I've been looking all over the internet for a collection of modern popular standards arranged for solo fingerstyle guitar and voice. Just intermediate level and more difficult arrangements written on the Bach scale. I don't necessarily modern, but not exclusively traditional and ancient. As a lot of folk song collections seem to be.
    I'd sure appreciate it if someone would point me in the right direction. I'm not savvy or talented enough to write my own arrangements. I'm tired of spending $20 a whack on mailorder disappointments. Thanks.


15 Nov 03 - 07:49 AM (#1054054)
Subject: RE: guitar/voice folk song arrangements
From: Murray MacLeod

What does "written on the Bach scale" mean ?


15 Nov 03 - 05:50 PM (#1054336)
Subject: RE: guitar/voice folk song arrangements
From: GUEST,Frankham

I believe that there's not a lot available for guitar and voice in a "folk style" but with a quasi-classical feel. Richard Dyer-Bennett did a lot of these folk songs as art songs and his arrangements might be published somewhere.

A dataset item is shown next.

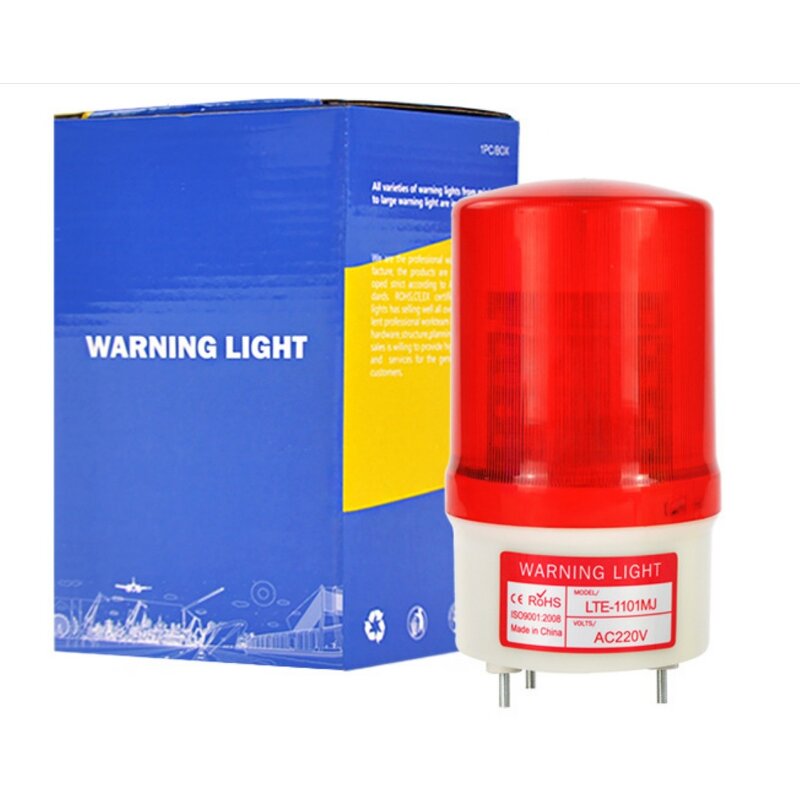 Warning Light Manufacturer - Safety Flashing Lamp Gate Opener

Trad "folkies" would eschew this kind of thing but if it's well-done and skillfully written, I like them. Why not? Most folk songs that we hear were never intended to be accompanied by the guitar anyway. It's of recent origin so I think that if it's tastefully done, why not?

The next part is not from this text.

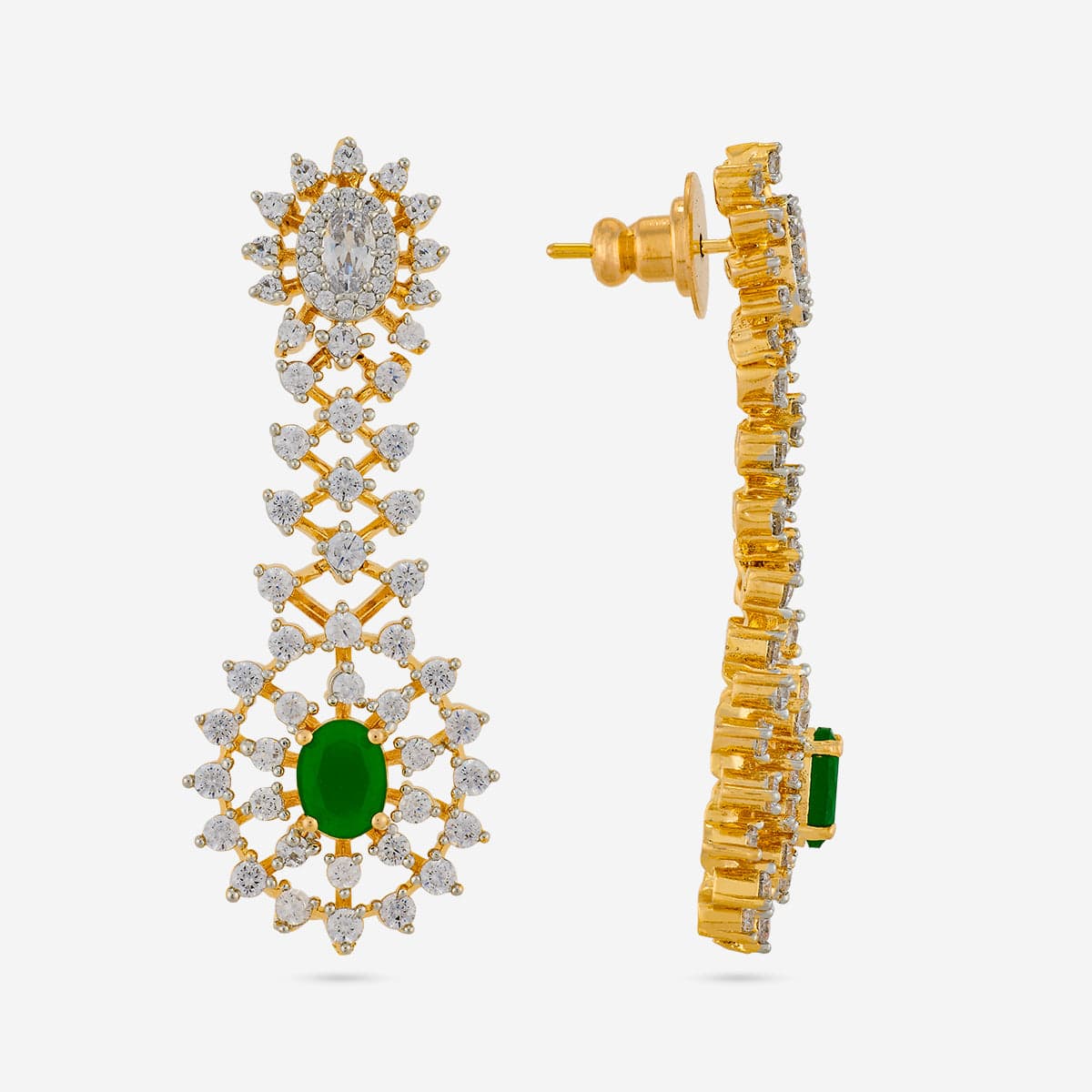 Zircon Necklace Zircon Necklace 191702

I like ol' Burl Ives accompaniments because he played tastefully and completely simple unadorned um-plunking to back his songs.

Josh White was a stylist who tastefully accompanied traditional blues and folk songs in a non-traditional way (his own).

Someone really should transcribe some of these great arrangements by the popularized folk performers such as White, and Dyer-Bennett.
Some guitarists during the 60's folk boom such as John Stauber,
Ray Bogoslav, Millard Lampell, Erik Darling, Freddie Hellerman did tasteful quasi-classical musical arrangments of folk songs. Pete Seeger and Peggy did some too.

Frank Hamilton


15 Nov 03 - 07:08 PM (#1054379)
Subject: RE: guitar/voice folk song arrangements
From: CraigS

People tend to do these things because they like them. Isaac Guillory used to do a tremendous version of "wherever I lay my hat", and James Taylor has done some nice things. Dave Burland tends to throw such into his performances, and me myself I have been known to do Ghosts. Can't be bothered to write them down because of copyright hassles in most cases - is why it's hard to find things


15 Nov 03 - 07:13 PM (#1054385)
Subject: RE: guitar/voice folk song arrangements
From: Willie-O

"Just intermediate level and more difficult arrangements written on the Bach scale. I don't necessarily modern, but not exclusively traditional and ancient. As a lot of folk song collections seem to be.
"

Huh?

Croper, try rephrasing that. Better yet, ask for specific songs that interest you. "Modern classics" covers a lot of ground, including three to twenty-three chords...

If you are intermediate to advanced though, there is the tried-and-true method of getting the chords and working on them for ten or fifteen years until you're comfortable with the material--it works for me!